### The data
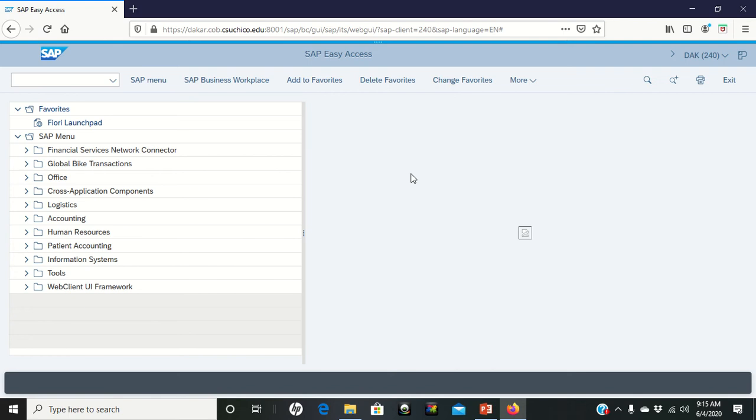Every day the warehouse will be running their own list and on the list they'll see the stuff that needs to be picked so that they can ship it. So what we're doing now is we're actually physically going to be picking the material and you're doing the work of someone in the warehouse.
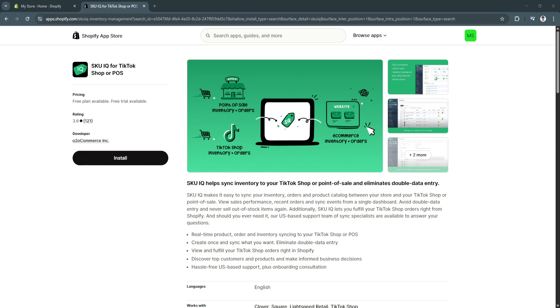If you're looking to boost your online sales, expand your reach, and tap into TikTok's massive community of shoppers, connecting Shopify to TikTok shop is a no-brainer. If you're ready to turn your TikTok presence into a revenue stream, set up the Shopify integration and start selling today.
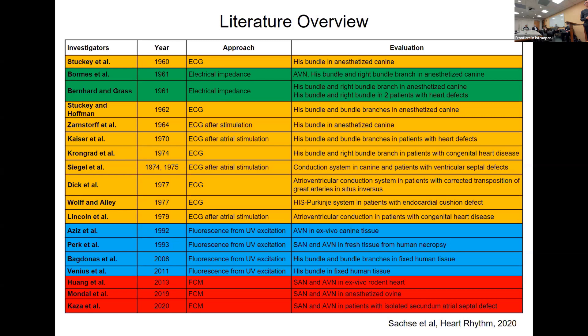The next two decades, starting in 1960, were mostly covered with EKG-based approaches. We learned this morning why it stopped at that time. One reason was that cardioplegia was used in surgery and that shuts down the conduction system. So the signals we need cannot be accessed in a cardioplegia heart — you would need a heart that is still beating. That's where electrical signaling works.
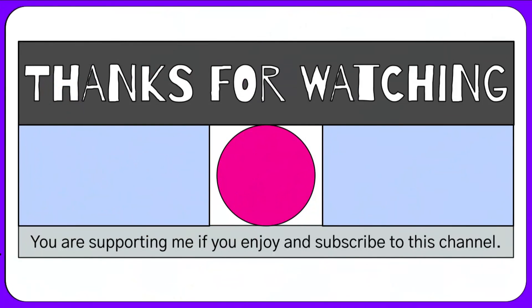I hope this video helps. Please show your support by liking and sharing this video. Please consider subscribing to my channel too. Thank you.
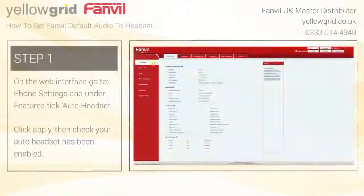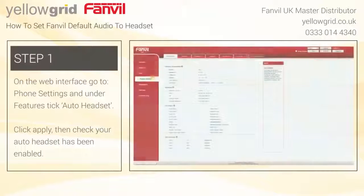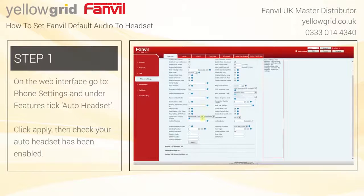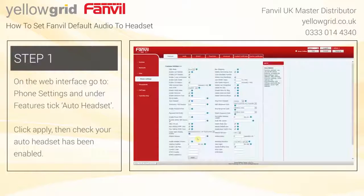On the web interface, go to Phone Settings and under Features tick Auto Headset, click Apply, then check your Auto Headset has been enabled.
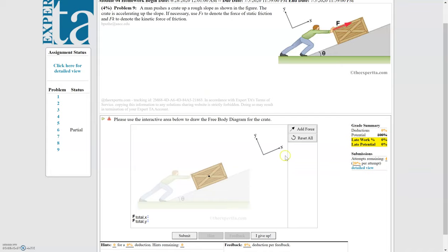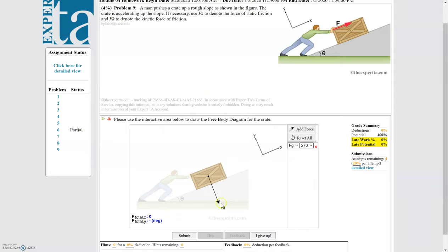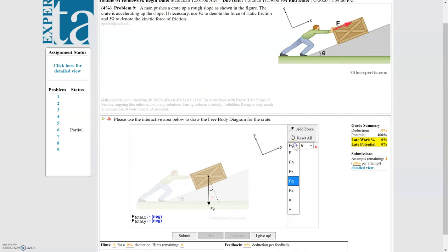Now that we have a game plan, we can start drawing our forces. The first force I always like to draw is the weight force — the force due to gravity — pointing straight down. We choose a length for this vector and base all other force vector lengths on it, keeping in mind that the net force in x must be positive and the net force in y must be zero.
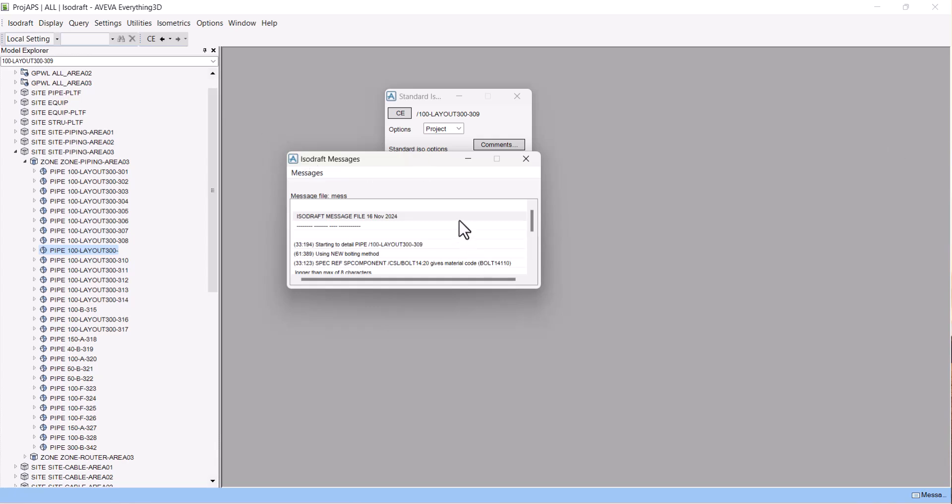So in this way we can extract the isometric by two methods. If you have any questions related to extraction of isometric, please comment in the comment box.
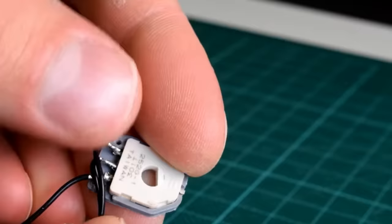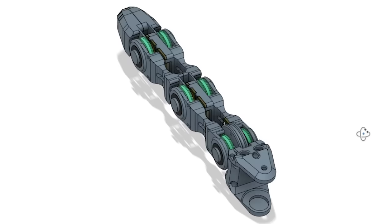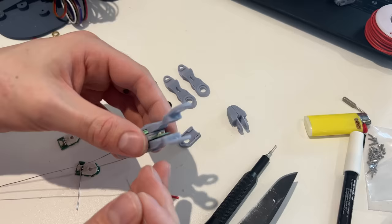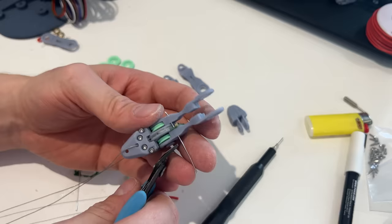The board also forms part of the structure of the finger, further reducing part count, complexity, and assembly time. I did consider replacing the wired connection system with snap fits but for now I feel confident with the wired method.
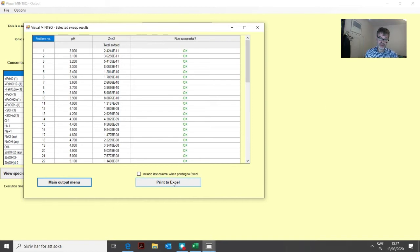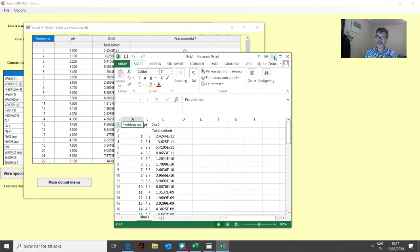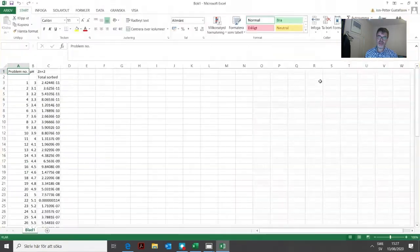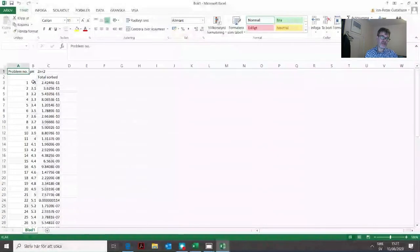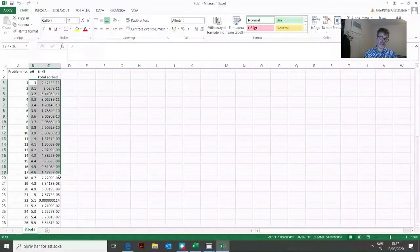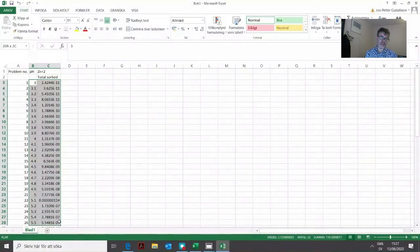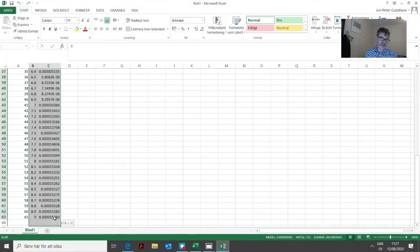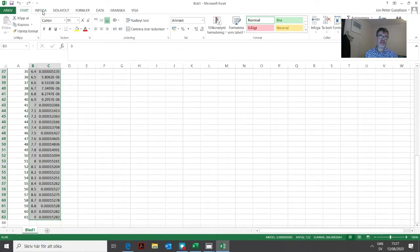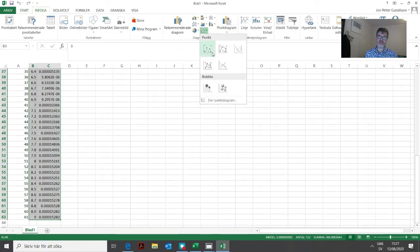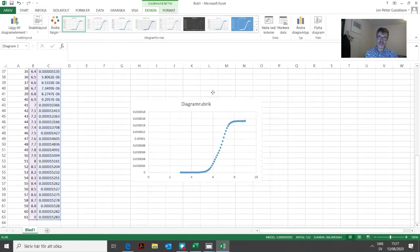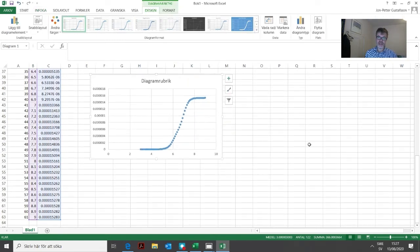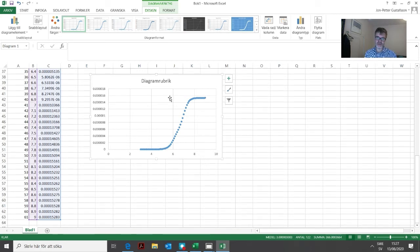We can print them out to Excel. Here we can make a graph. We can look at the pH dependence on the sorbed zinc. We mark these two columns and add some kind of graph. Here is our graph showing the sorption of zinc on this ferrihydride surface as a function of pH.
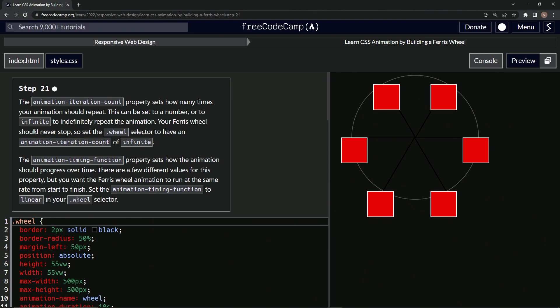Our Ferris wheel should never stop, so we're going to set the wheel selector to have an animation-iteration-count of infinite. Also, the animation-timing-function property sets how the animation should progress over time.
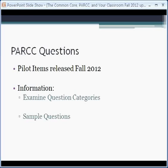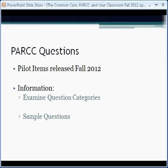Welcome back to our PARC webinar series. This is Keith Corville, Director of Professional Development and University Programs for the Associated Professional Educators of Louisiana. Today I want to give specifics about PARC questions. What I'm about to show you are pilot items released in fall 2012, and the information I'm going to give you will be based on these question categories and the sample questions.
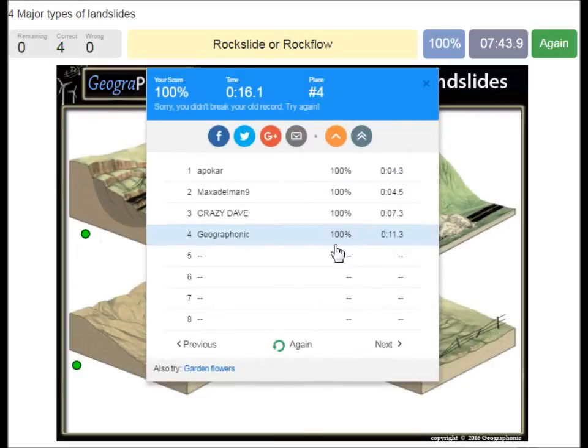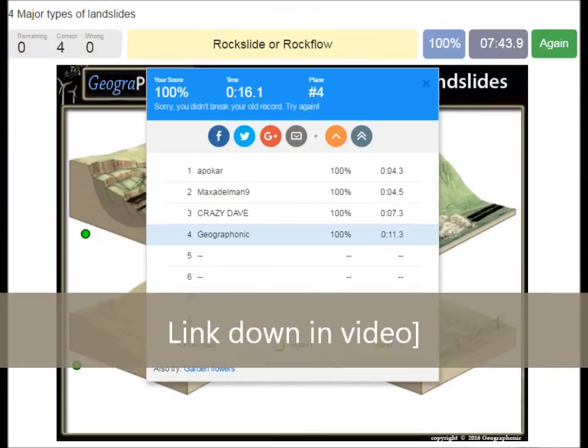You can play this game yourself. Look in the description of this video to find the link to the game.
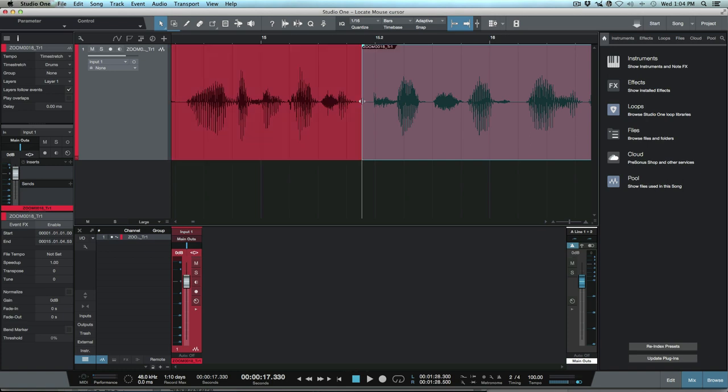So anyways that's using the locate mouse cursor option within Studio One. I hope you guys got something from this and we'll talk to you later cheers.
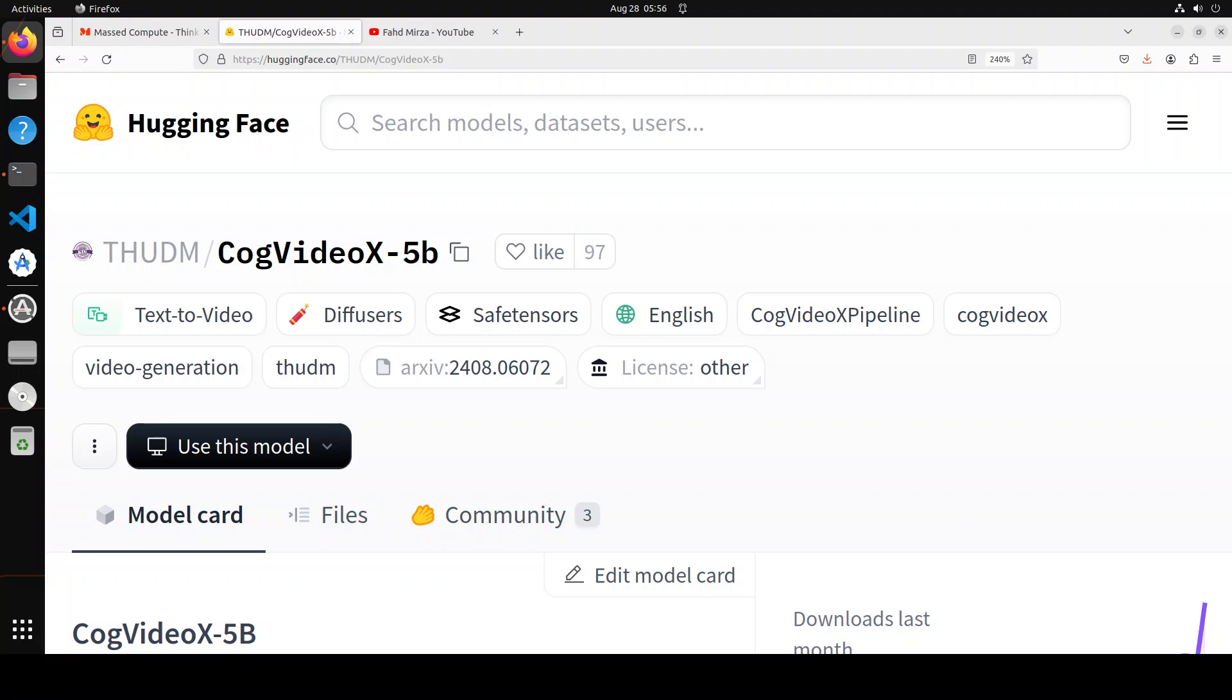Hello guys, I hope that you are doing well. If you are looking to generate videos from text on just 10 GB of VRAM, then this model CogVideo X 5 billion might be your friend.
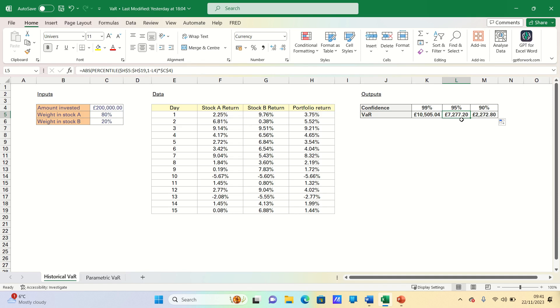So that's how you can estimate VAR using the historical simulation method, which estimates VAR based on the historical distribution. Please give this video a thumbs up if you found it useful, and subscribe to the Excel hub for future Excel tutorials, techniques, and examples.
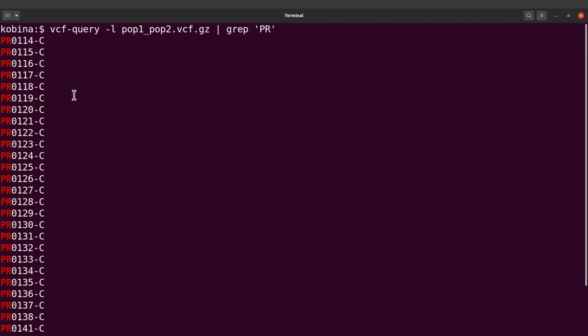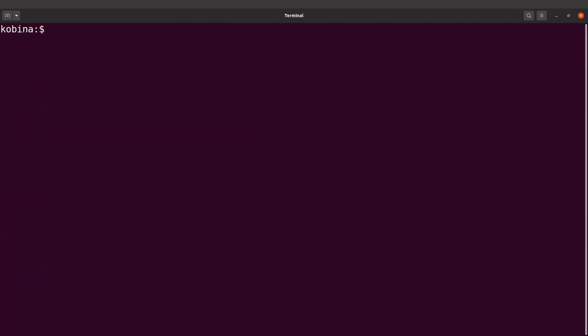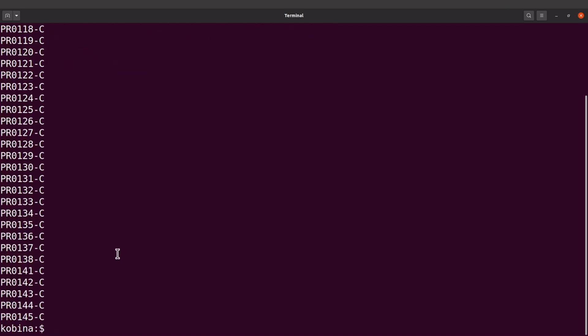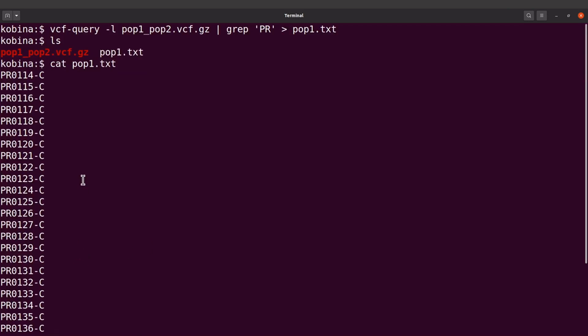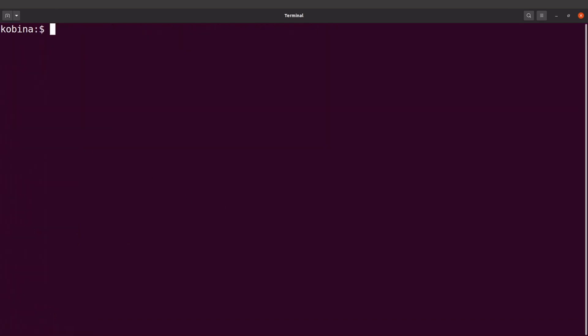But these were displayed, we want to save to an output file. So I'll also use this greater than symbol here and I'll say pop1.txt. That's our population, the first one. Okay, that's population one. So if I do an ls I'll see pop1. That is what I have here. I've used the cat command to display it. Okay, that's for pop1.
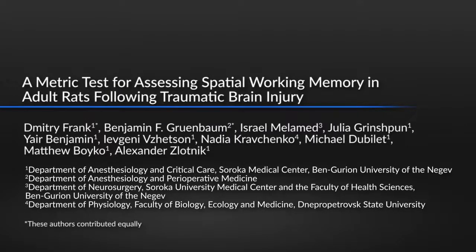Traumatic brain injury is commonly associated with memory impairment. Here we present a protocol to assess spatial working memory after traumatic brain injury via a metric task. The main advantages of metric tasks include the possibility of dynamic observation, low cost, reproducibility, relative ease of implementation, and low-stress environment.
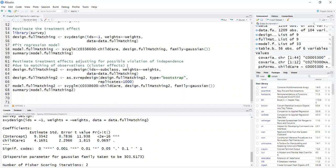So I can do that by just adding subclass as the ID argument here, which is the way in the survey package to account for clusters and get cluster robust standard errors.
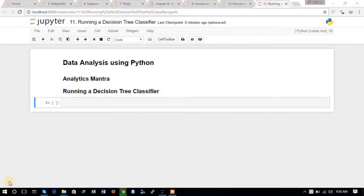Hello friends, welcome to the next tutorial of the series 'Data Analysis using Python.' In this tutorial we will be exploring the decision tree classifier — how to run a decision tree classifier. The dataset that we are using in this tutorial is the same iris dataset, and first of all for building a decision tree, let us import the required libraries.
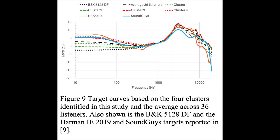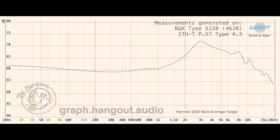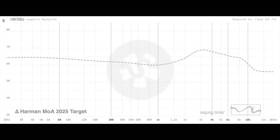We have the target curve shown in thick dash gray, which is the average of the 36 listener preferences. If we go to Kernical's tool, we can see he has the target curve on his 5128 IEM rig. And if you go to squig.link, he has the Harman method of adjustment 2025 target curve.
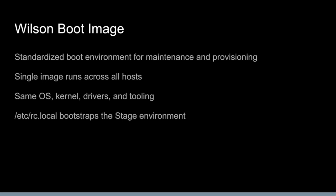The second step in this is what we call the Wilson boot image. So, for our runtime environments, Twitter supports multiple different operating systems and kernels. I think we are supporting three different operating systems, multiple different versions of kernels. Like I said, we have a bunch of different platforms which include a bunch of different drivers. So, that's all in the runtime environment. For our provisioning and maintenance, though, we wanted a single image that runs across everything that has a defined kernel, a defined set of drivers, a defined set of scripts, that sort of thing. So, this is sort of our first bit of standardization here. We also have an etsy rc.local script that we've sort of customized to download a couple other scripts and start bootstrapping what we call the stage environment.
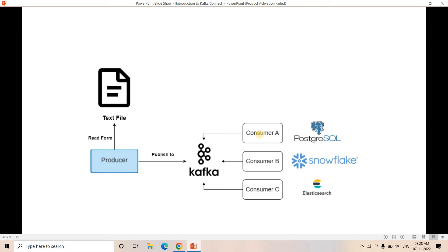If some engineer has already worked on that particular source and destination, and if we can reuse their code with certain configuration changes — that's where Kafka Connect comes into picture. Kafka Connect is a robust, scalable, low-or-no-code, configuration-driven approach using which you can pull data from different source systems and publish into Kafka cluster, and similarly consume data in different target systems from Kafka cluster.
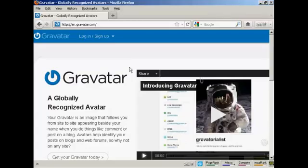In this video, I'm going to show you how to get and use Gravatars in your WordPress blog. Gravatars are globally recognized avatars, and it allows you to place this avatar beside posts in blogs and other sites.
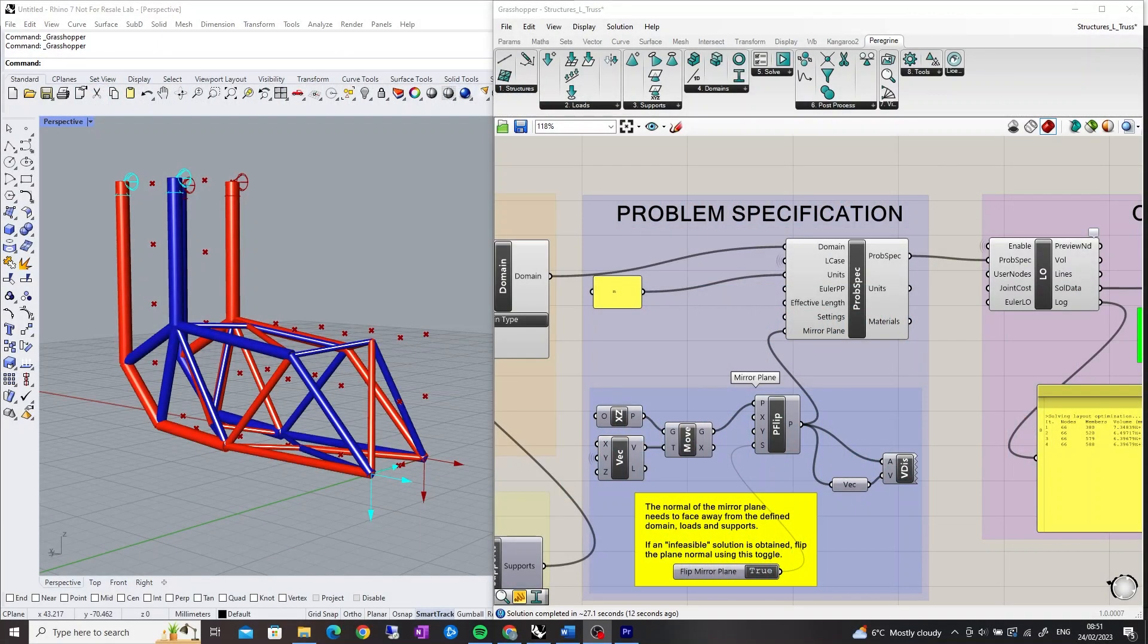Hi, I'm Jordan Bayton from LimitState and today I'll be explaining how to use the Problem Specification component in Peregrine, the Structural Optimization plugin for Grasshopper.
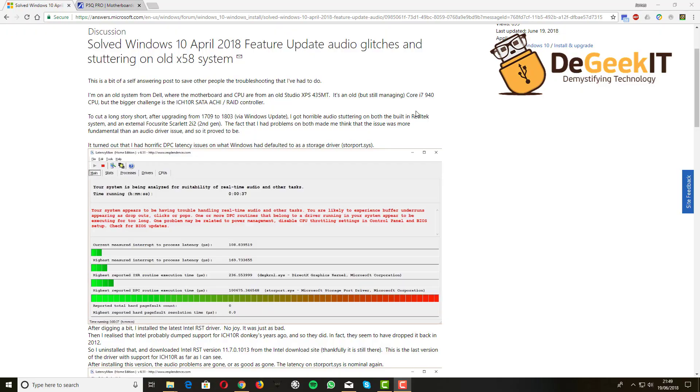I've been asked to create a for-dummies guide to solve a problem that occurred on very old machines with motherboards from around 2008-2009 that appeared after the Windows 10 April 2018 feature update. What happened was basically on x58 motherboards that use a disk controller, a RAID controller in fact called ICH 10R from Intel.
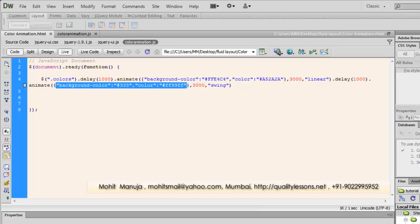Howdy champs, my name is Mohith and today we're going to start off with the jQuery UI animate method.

### Requirement
Would you print exactly the lines in the listing above, from the line bearing "If you're looking" through the line bearing "So in this way", leaving out all pictures?

### Task solution
If you're looking to boost your online sales, expand your reach, and tap into TikTok's massive community of shoppers, connecting Shopify to TikTok shop is a no-brainer. If you're ready to turn your TikTok presence into a revenue stream, set up the Shopify integration and start selling today.
The next two decades, starting in 1960, were mostly covered with EKG-based approaches. We learned this morning why it stopped at that time. One reason was that cardioplegia was used in surgery and that shuts down the conduction system. So the signals we need cannot be accessed in a cardioplegia heart — you would need a heart that is still beating. That's where electrical signaling works.
I hope this video helps. Please show your support by liking and sharing this video. Please consider subscribing to my channel too. Thank you.
On the web interface, go to Phone Settings and under Features tick Auto Headset, click Apply, then check your Auto Headset has been enabled.
Now that we have a game plan, we can start drawing our forces. The first force I always like to draw is the weight force — the force due to gravity — pointing straight down. We choose a length for this vector and base all other force vector lengths on it, keeping in mind that the net force in x must be positive and the net force in y must be zero.
So in this way we can extract the isometric by two methods. If you have any questions related to extraction of isometric, please comment in the comment box.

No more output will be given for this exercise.